All because I treated the content I wrote as a long-term investment, and not a short-term stage.

As someone who has been doing this for a long time, here are a few words of advice:

Don’t compromise the vision for today’s step.

So many companies get caught up wanting to see immediate results (and you can define that in 10 different ways). If you’re dealing with programmatic advertising, like Facebook ads, then that’s a different conversation. But when it comes to written content, there is no such thing as a “3-month thought leader”—and anyone who sells you on that idea is lying to you.

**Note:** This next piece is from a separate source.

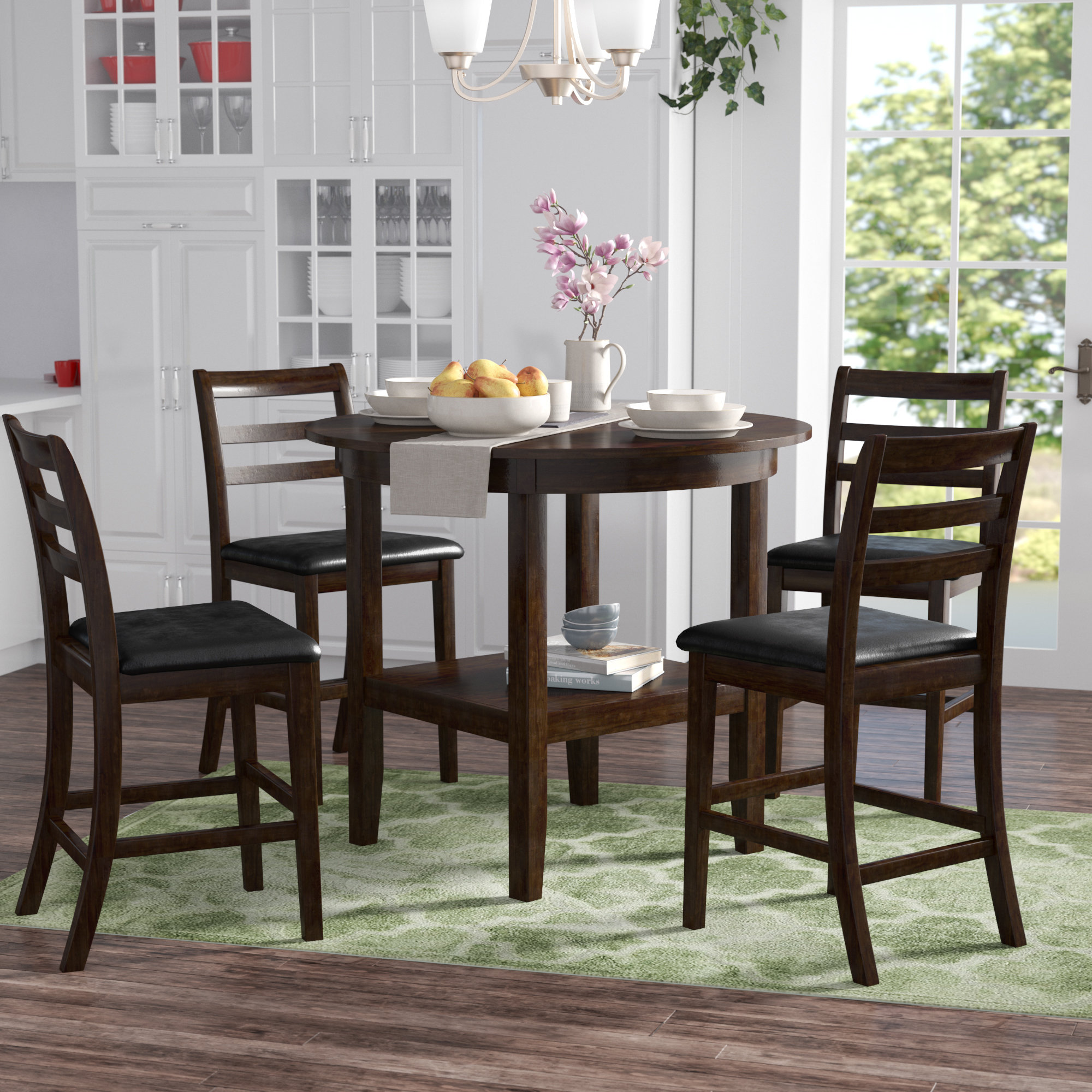 alcott hill owings 5 piece dining set cheap online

Every single person I’ve given this advice to (friends and clients combined), without fail, has achieved the same results. I’ve watched friends go viral (I even had a friend get more views on a piece than I’ve ever gotten). I’ve watched clients accumulate hundreds of thousands of views on their work, and get invited to contribute to big publications.

It’s the people who stick with it the longest, that reap the largest rewards.

Don’t settle for short-term vanity.

I promise you, no good investor thinks that way.